Artificial intelligence, software that can learn about the world and act within it, is gaining popularity and that is driving the research. Devising trading strategies for the stock market, interpreting speech spoken into phones and letting cars drive themselves are some of the application of such AI systems.

AI is now being planned to make smart robots that can take actions for themselves after the present stage of development of AI software-based services like Apple Inc.’s Siri and the Google Assistant.

However people need to make sure the goals of the robots are aligned with those of their human owners before giving smart machines the ability to make decisions.

“While possible AI safety risks have received a lot of public attention, most previous discussion has been very hypothetical and speculative.
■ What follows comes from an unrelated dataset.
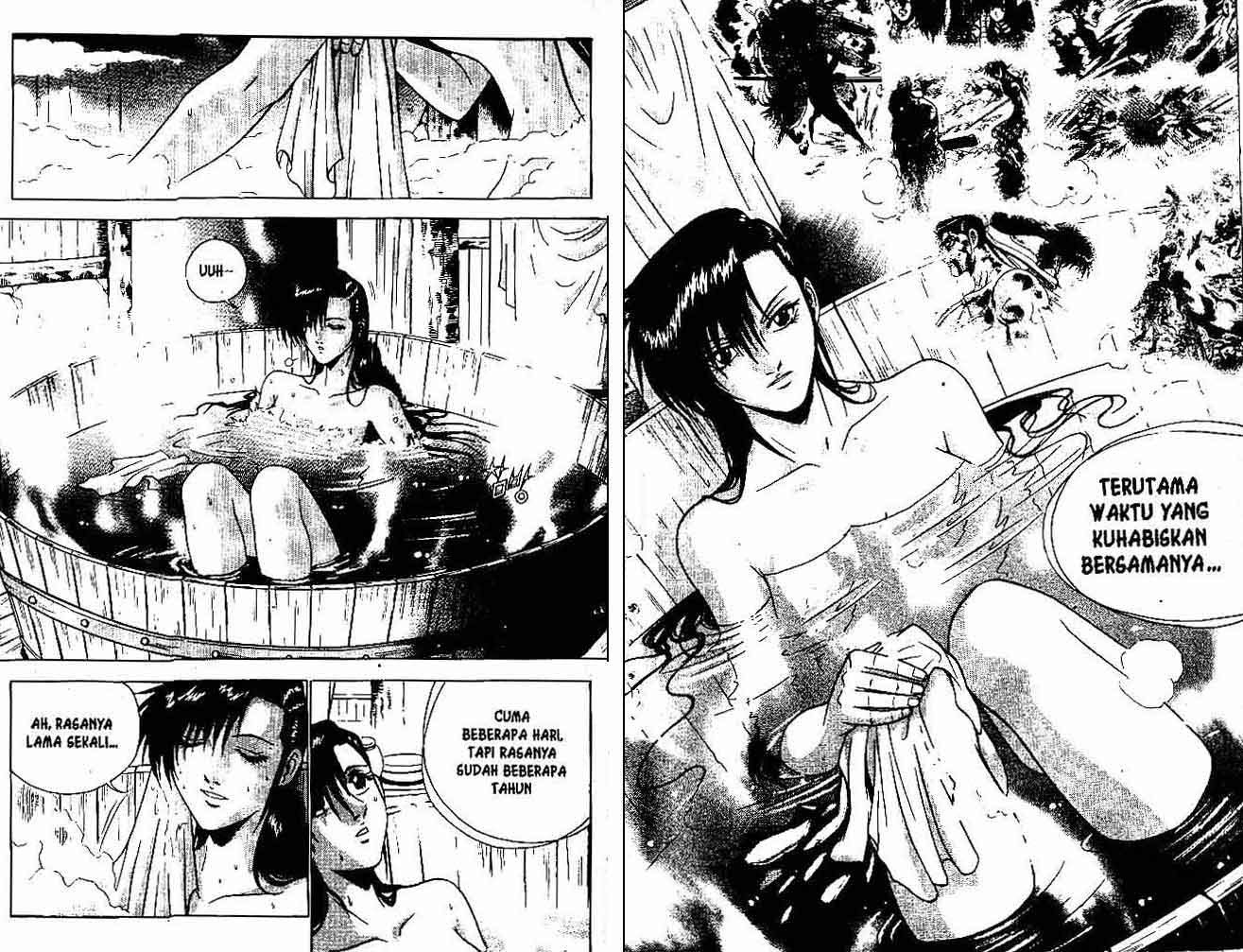 Ruler of the Land Chapter 26 Volume Gambar 2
We believe it’s essential to ground concerns in real machine learning research and to start developing practical approaches for engineering AI systems that operate safely and reliably,” Google researcher Chris Olah wrote in a blog post accompanying the paper.

The report lists some techniques for building software that the smart machines can’t subvert and describes some of the problems robot designers may face in the future. But the open-ended nature of intelligence is the challenge. Like questions in the financial system; how do you design rules to let entities achieve their goals in a system you regulate, without being able to subvert your rules, or be unnecessarily constricted by them – is the puzzle that needs to be solved.

For example, the researchers wonder, how to sure that your rewards don’t give it an incentive to cheat for a cleaning robot. Such robots with artificial intelligence could respond by sweeping dirt under the rug so it’s out of sight, or it might learn to turn off its cameras, preventing it from seeing any mess which it would do to get a reward and not do the work expected of them. 

The researchers are extrapolating to potential future uses where stakes are higher while cheating with housecleaning may not seem to be a critical problem. These are problems that the researchers can themselves vaguely understand and they are trying to solve problems before they manifest in real-world systems. Better to be slightly prepared than not prepared at all - is the mindset roughly.

“With the realistic possibility of machine learning-based systems controlling industrial processes, health-related systems, and other mission-critical technology, small-scale accidents seem like a very concrete threat, and are critical to prevent both intrinsically and because such accidents could cause a justified loss of trust in automated systems,” the researchers write in the paper. 

Pairing a robot with human buddy and limiting how much control the AI system has over its environment, so as to contain the damage are some of the solutions that the researches propose include. Programming “trip wires” into the AI machine to give humans a warning if it suddenly steps out of its intended routine is among the other ideas.